**Task objective:** Output only the lines below from the one holding "The extreme minimalist's" down to the one holding "Property image 3", both end lines included and every picture dropped.

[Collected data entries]
+ + + + + + +

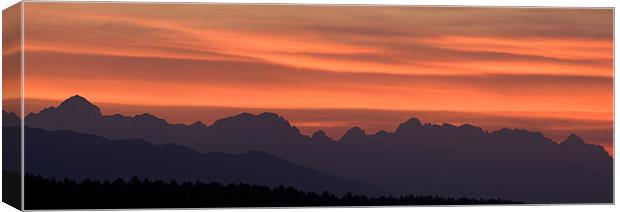 Julian Alps sunset Canvas Print by Ian Middleton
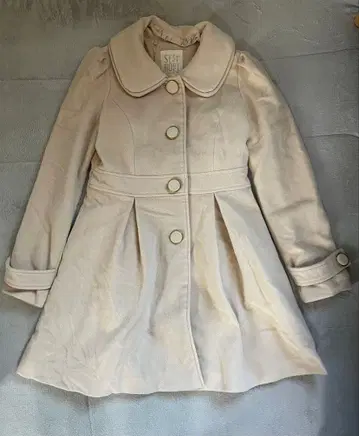 크림색 더블 브레스트 롱 코트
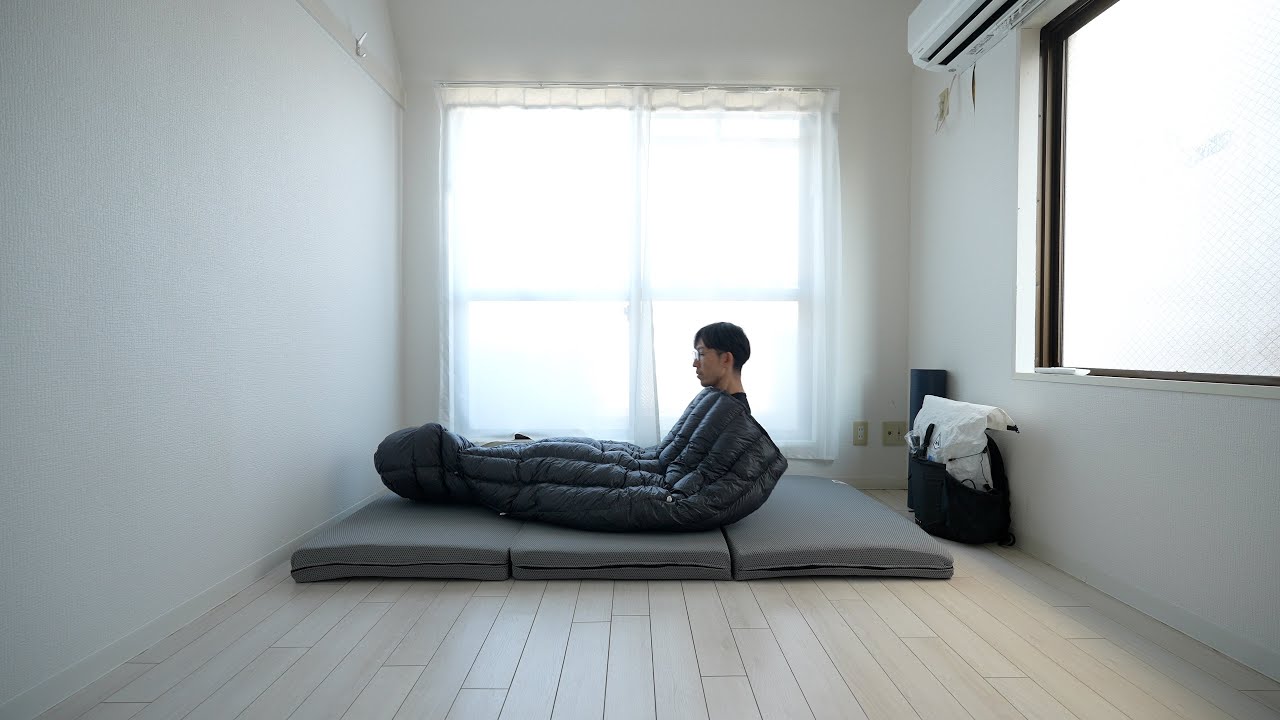 The extreme minimalist's new mattress life - YouTube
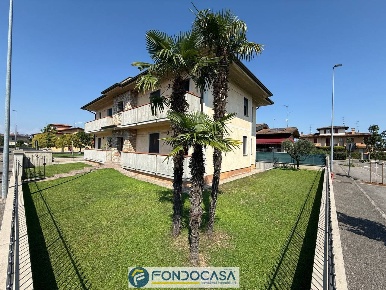 Foto Appartamento a Cazzago San Martino Cazzago San Martino Calino di 94 m²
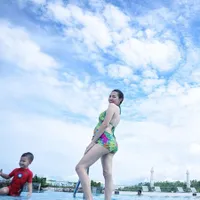 8 Potret Baby Bump Kezia Karamoy yang Makin Membesar, Pesona Ibu Hamil Semakin Terpancar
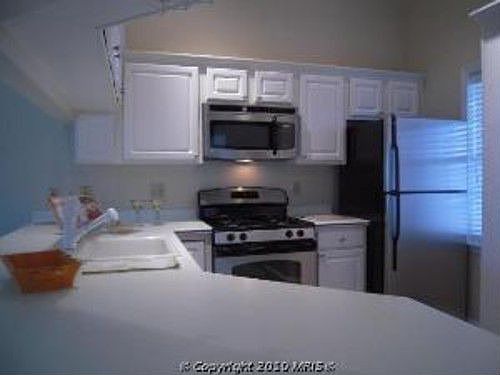 2nd image of 6940 Fairfax Dr Unit 404
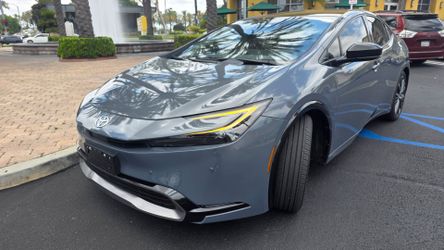 2026 Toyota Pruis XLE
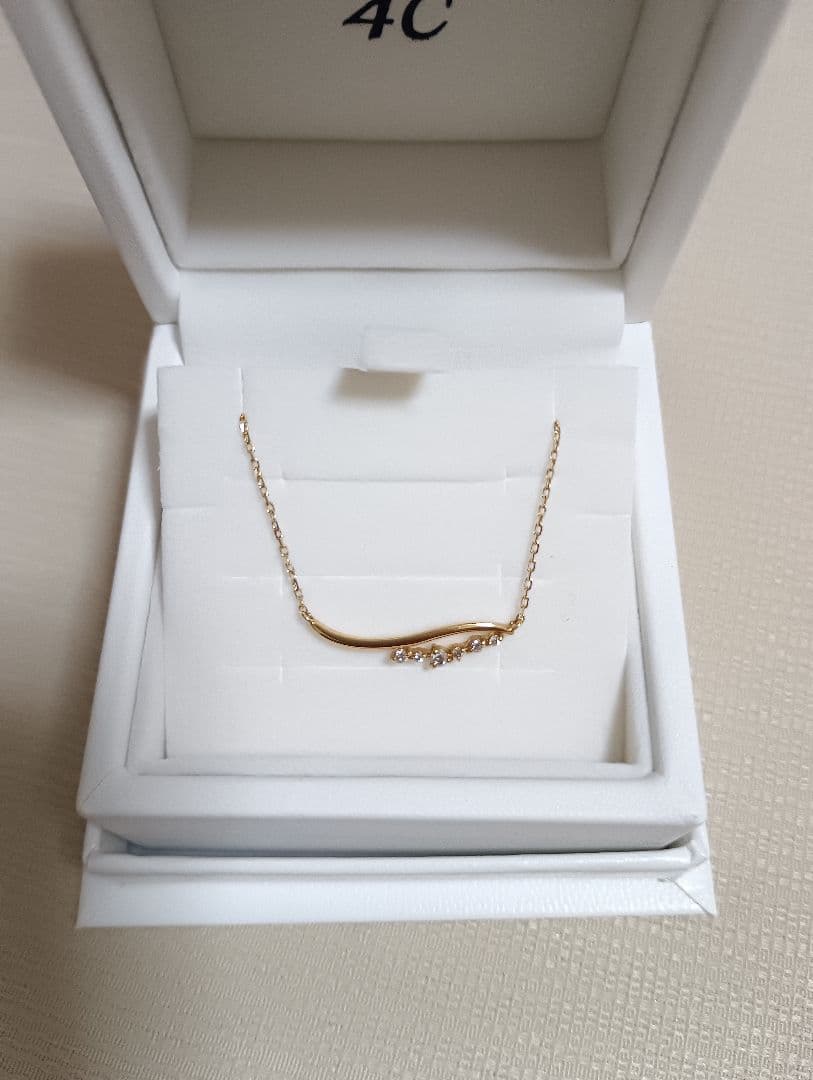 ☆専用☆4℃　K18　ネックレス　イエローゴールド　ダイヤモンド　新品未使用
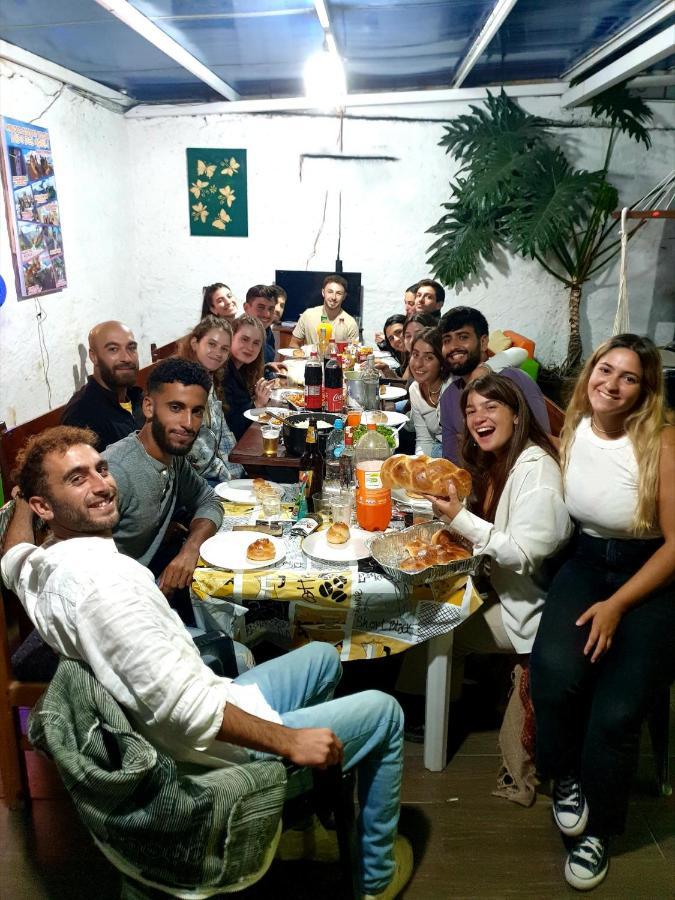 Hostal Inti Raymi Backpackers Баньйос Екстер'єр фото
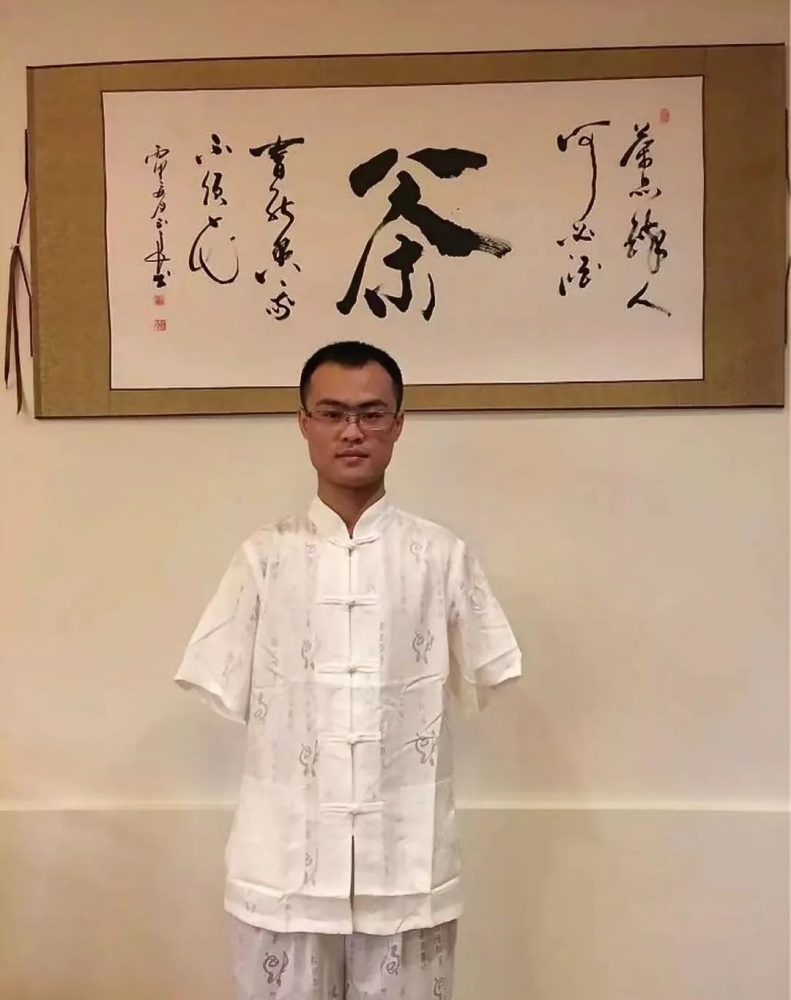 失去双手的何子龙,毕业后在一家茶楼里工作,后来靠卖字为生,用口来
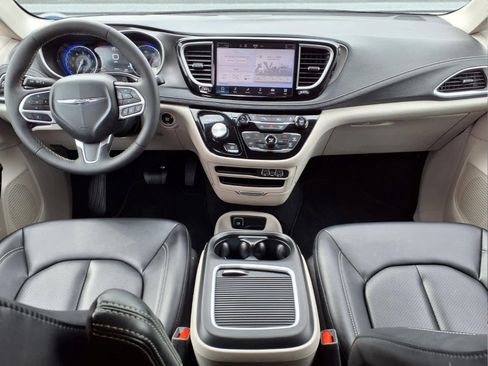 Used 2024 Chrysler Pacifica Touring-L FWD image 13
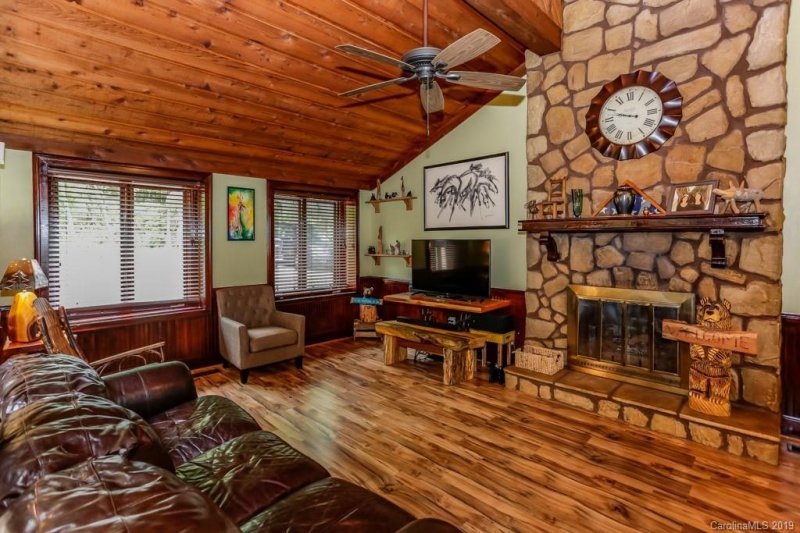 Property image 3 at 350 Raleigh Drive, Lake Lure, NC 28746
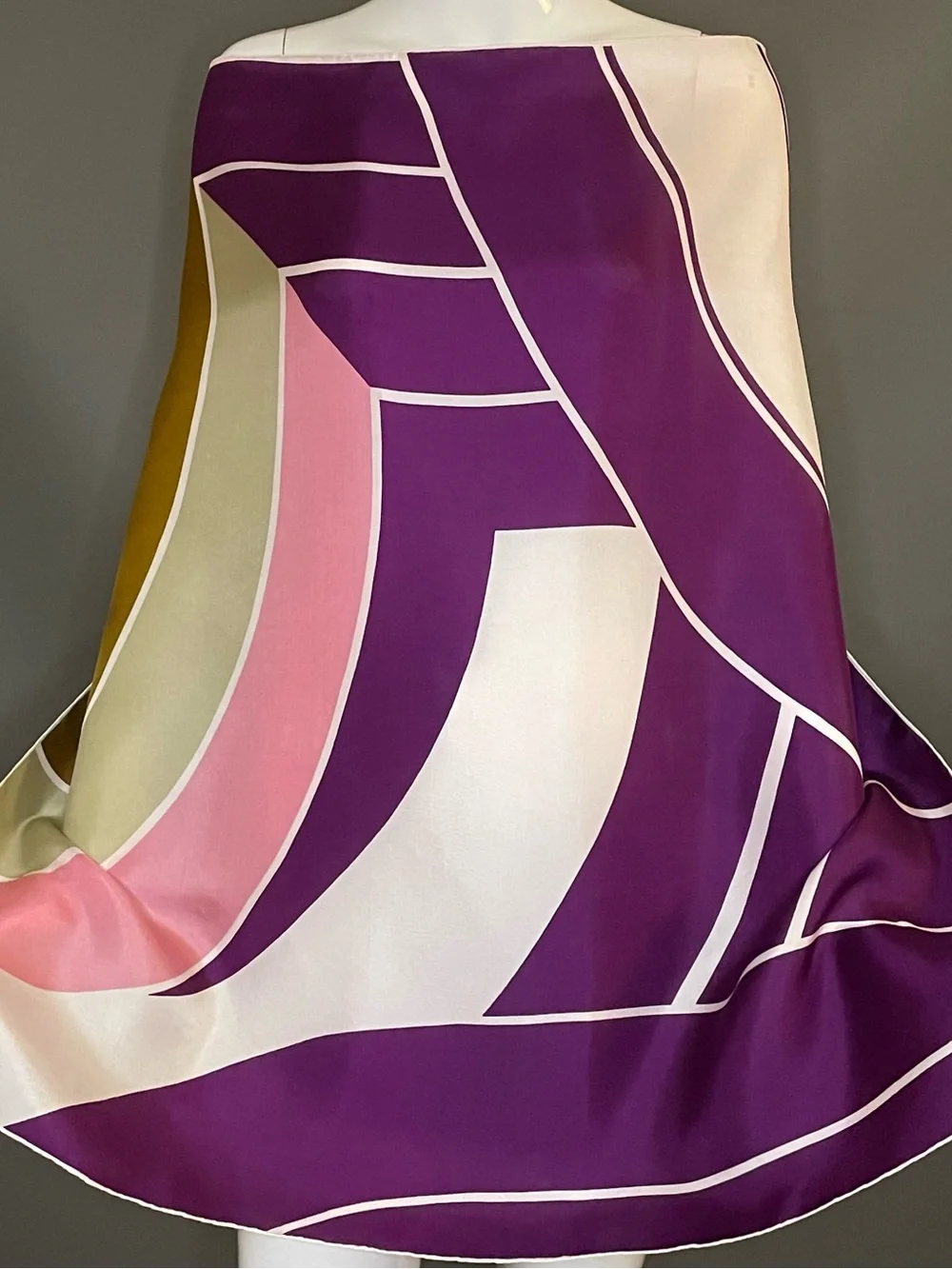 Vintage Kreier Scarf 31 In Sq Mint Condition Crisp Clean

+ + + + + + +

**Task solution:**
 The extreme minimalist's new mattress life - YouTube
 Foto Appartamento a Cazzago San Martino Cazzago San Martino Calino di 94 m²
 8 Potret Baby Bump Kezia Karamoy yang Makin Membesar, Pesona Ibu Hamil Semakin Terpancar
 2nd image of 6940 Fairfax Dr Unit 404
 2026 Toyota Pruis XLE
 ☆専用☆4℃　K18　ネックレス　イエローゴールド　ダイヤモンド　新品未使用
 Hostal Inti Raymi Backpackers Баньйос Екстер'єр фото
 失去双手的何子龙,毕业后在一家茶楼里工作,后来靠卖字为生,用口来
 Used 2024 Chrysler Pacifica Touring-L FWD image 13
 Property image 3 at 350 Raleigh Drive, Lake Lure, NC 28746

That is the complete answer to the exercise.